I think it was when I broke it to him that he would have to use mattress stitch -- invisible from either side -- which Fifille knows perfectly well from her knitting times. But maybe he did not want to deal with her sulky attitude, which was a factor, definitely.
"Why, Mommy, why do I have to sew them on myself? You have always sewed my elastics. Why me, whyyyyyyy?"
Honestly. Earlier this year, there was a day where I thought, from about two rooms away, that I would have to strangle her. The hair-tossing, the eye-rolling, the foot-stomping, the kicking little kicks at the pillars and columns and staircases of the world. The mumbling little mumbly, grumbly complaints under the breath. Oh. Oh, no.
Lucky for her, on that day I was awash in the satiny-pink afterglow of some heavy (metaphorical) lovin' the Israeli had laid on me. So, I was watching her give the dishwasher's kick plate tiny little kicks, reeling, kind of analyzing how she was wicked, wicked, and I stopped.
You know, and I know this is well-known -- even if you have never said it to my face -- I was wicked as a girl. Not a 10-year-old girl, either; a 20-year-old girl. When I was 20 (and 21, and 22), I was unspeakably wicked to my favorite + best, the Israeli, at intervals from the minute he began serving his compulsory, from 7,000 miles away. In case you have never considered this, let me assure you that in the 20th century, it took an incredible amount of dedicated ruination to get a message across at that distance, but I succeeded by either epistolary action or default. Sometimes I let other people do my dirty work for me -- everyone loves to gossip.
When he returned, I was not measurably better. Things were much worse before they would improve, but all along the way, I have to admit he never killed me. He doesn't just take it, but mostly he just waits it out, until I am who he knows me to be at my best. In the meantime, he would never deny me a thing. So I felt like, yk, OK, this is a minimum standard I have to achieve as the actual mother of this child.
But Mari did not have this whole cathartic time with his present + his past, and plus he was not interested in showing her something he did not know at all when I was available to direct her. So I did it.
I explained to her that I have been sewing on her elastics as a courtesy because she was more comfortabe in shoes which came unfinished. The other girls wore shoes that came finished. Now that everyone is in shoes that come unfinished, she can be one of the everyones taking care of the business. There was huffing in futility. I waited, pleasantly, while playing upon her familiarity with the work because of a different project which she had enjoyed.

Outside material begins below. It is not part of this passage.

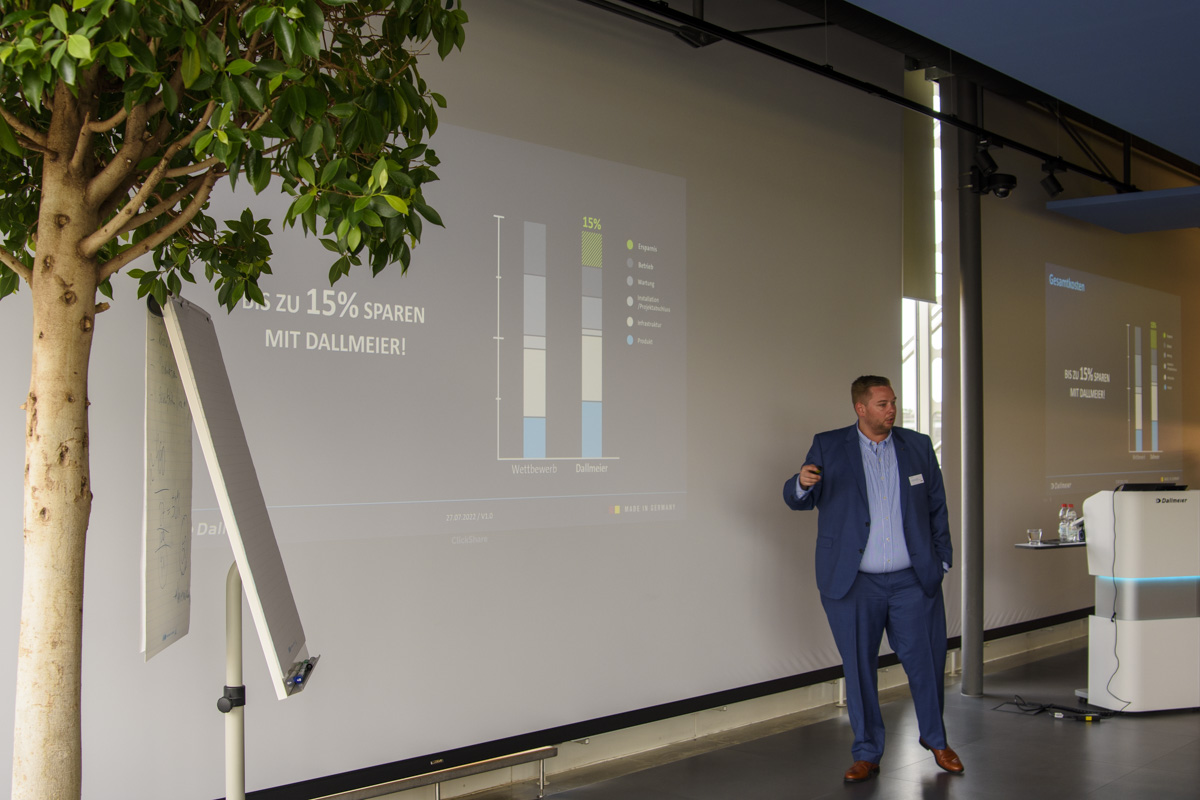 A man in a suit presents data on a large screen, indicating potential savings of up to 15%. A potted plant is visible beside him.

She remembered how to do the stitch, and agreed, so I got things all pinned for her elastics. Pinning, basting, try-ons. Fine. That was yesterday. The funny thing that happened between Mari telling her she would be doing it with me (she had been hoping to get her way from her Pop, seeing as he is more malleable than I am in this way) and her getting the first shoe's elastic sewn on was that she realized Zomigod I can do this myself! Me! Not a baby!
It was just like the time Charlie & I watched her go all the way down the block all by herself (all! by herself!) to see if the neighbor had an ice-cream scoop. She was bounding and smiling and so happy & so big. It was huge.
Look, sewing & smiling!
She did a great job -- careful, tiny, even. Right now she is clomping around upstairs in them, trying to learn to walk while wearing them. She is so pleased with herself. "Mommy, everyone else's mom or grandmother is sewing their shoes for them!"
I mean, I told her, I don't know, maybe she will grow up & look back & think, Jesus maybe my mother could have sewed my shoes for me because I was only ten years old, but we will have to see. Je t'embrasse.